Purchaser further represents that Purchaser understands that at the time
Purchaser wishes to sell the Stock there may be no public market upon which
to make such a sale, and that, even if such a public market then exists, the
Corporation may not be satisfying the current public information requirements
of Rule 144, and that, in such event, Purchaser would be precluded from
selling the Stock under Rule 144 even if the two-year minimum holding period
had been satisfied, unless Purchaser had held the Stock for more than three
years and was not an affiliate. Purchaser represents that Purchaser
understands that in the event all of the requirements of Rule 144 are not
satisfied, registration under the Act or compliance with an exemption from
registration will be required; and that, notwithstanding the fact that Rule
144 is not exclusive, the Staff of the SEC has expressed its opinion that
persons proposing to sell private placement securities other than in a
registered offering and otherwise than pursuant to Rule 144 will have a
6.
substantial burden of proof in establishing that an exemption from registration
is available for such offers or sales, and that such persons and their
respective brokers who participate in such transactions do so at their own risk.
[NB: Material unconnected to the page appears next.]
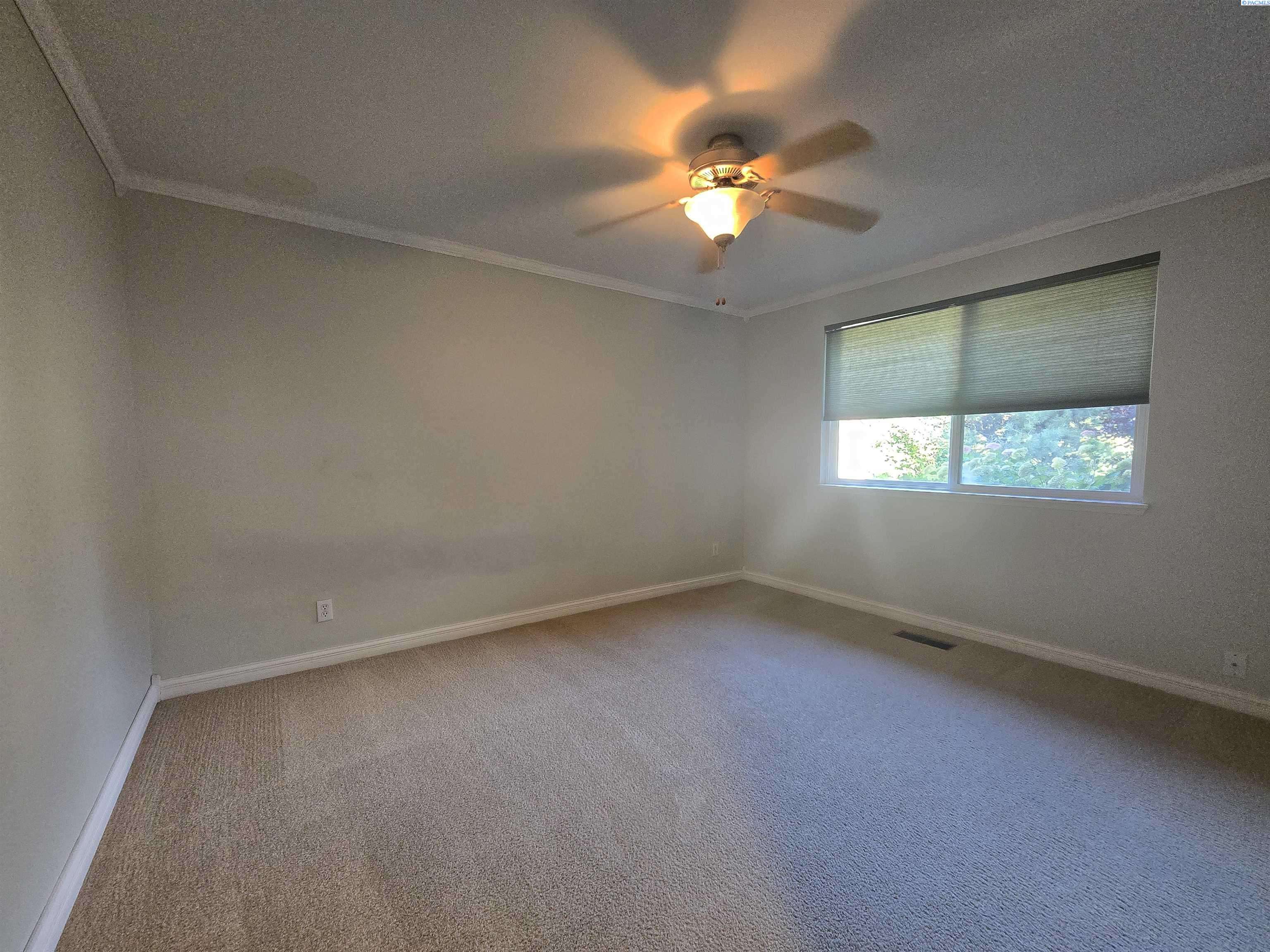 Richland, WA 99352,224 Greenbriar West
(f) Without in any way limiting Purchaser's representations and
warranties set forth above, Purchaser further agrees that Purchaser shall in no
event make any disposition of all or any portion of the Stock which Purchaser is
purchasing unless:
(i) There is then in effect a Registration Statement under
the Act covering such proposed disposition and such disposition is made in
accordance with said Registration Statement; or
(ii) Such disposition is effected in compliance with all the
terms and conditions of Rule 144; or
(iii) Purchaser shall have (1) notified the Corporation of the
proposed disposition and furnished the Corporation with a detailed statement of
the circumstances surrounding the proposed disposition, and (2) furnished the
Corporation with an opinion of Purchaser's own counsel to the effect that such
disposition will not require registration of such shares under the Act, and such
opinion of Purchaser's counsel shall have been concurred in by counsel for the
Corporation and the Corporation shall have advised Purchaser of such
concurrence.
10. As security for Purchaser's faithful performance of the terms of this
Agreement and to insure the availability for delivery of Purchaser's Stock upon
exercise of the Purchase Option herein provided for, Purchaser agrees to deliver
to and deposit with Xxxx & Freidenrich, A Professional Corporation, counsel to
the Corporation (the "Escrow Agent"), as Escrow Agent in this transaction, two
Stock Assignments duly endorsed (with date and number of shares blank) in the
form attached hereto as Exhibit B, together with the certificate or certificates
evidencing the Stock; said documents are to be held by the Escrow Agent pursuant
to the Joint Escrow Instructions of the Corporation and Purchaser set forth in
Exhibit C attached hereto and incorporated by this reference, which instructions
shall also be delivered to the Escrow Agent at the closing hereunder.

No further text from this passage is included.